Adams and Jefferson became friends only later, when they both served the nation at war as ambassadors to France, and then for Adams, to England.  A widower, Jefferson was taken in by Abigail Adams who worried about him.  After the war, Jefferson was in England when Adams was to meet King George III in a grand ceremony in which the king would accept the credentials of all the ambassadors of foreign nations to England.  As the king strode down the line, each ambassador or delegation would bow, the king would acknowledge them, the papers would be passed, and the king would move on.  Adams and Jefferson bowed.  King George moved on, ignoring them completely.

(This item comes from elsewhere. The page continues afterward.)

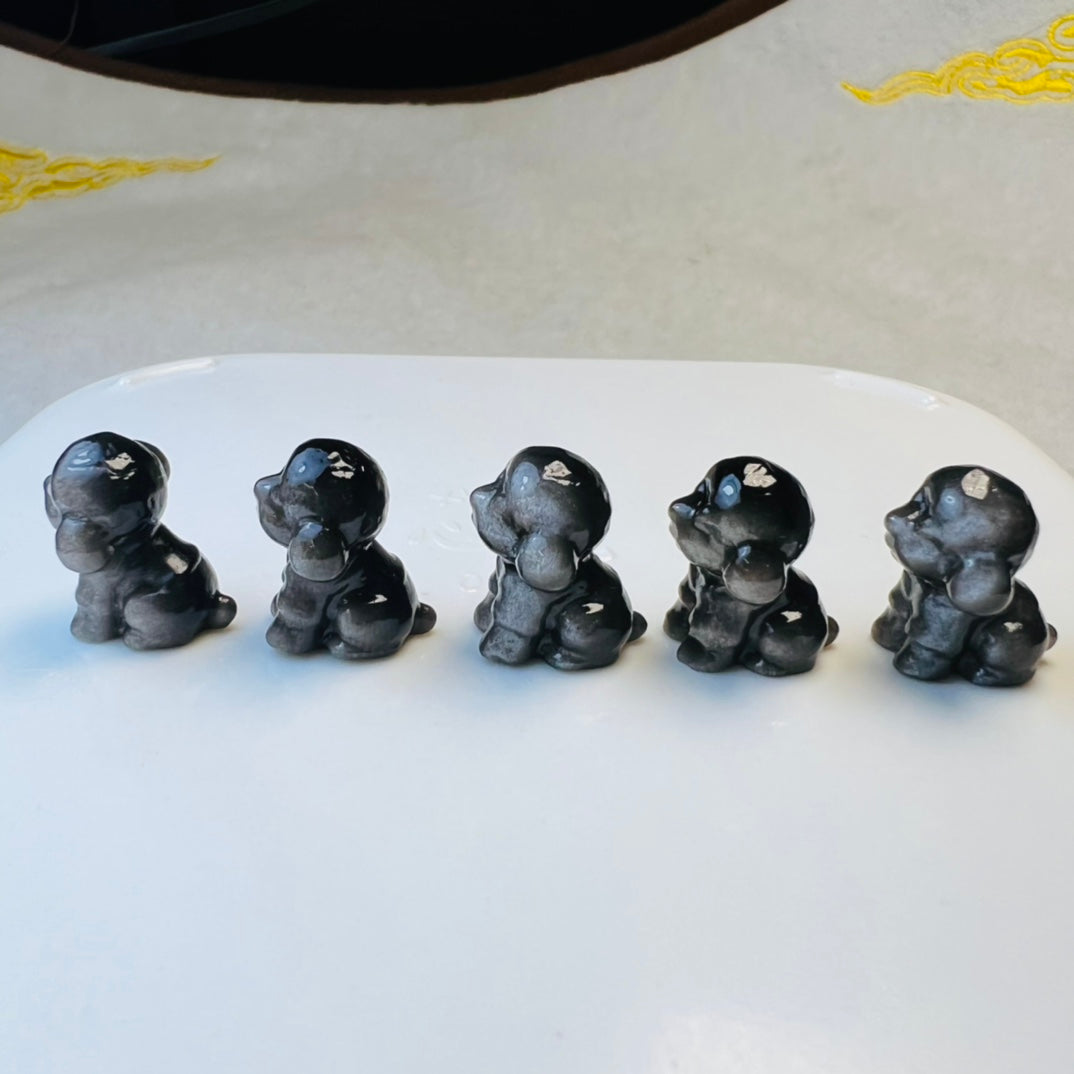 Mini Silver obsidian Teddy bear dog Carving crystal carving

In such a case of such a snub, the snubbed foreigners usually made a quick exit.  Adams and Jefferson did not.  They stood at attention as if the king had treated them like all the rest, reversing the snub.  From the beginning, Americans and the United States pushed for more practical, reasonable, and compassionate government and relations.  Standing together, against the snub of the British King one more time, Adams and Jefferson formed a silent bond that held them the rest of their lives.

Back in America in peacetime, and both members of the administration of George Washington, Adams and Jefferson fell out.  Secretary of State Jefferson favored a more limited federal government; Vice President Adams favored a more powerful one.  By the end of Washington’s second term, party politics had been well developed.  Adams defeated Jefferson in the election of 1796.  As was the law then, Jefferson was vice president as the runner-up vote getter in the electoral college; but Adams kept Jefferson out of all government affairs.  Perhaps because he didn’t have Jefferson to help, Adams’s presidency did not go well.  In the rematch election in 1800, one of  the bitterest election fights ever, Jefferson’s party defeated Adams.  The gleeful Democratic-Republican electors all voted one ballot for Jefferson, the presidential candidate, and one ballot for Aaron Burr, the party’s vice presidential candidate.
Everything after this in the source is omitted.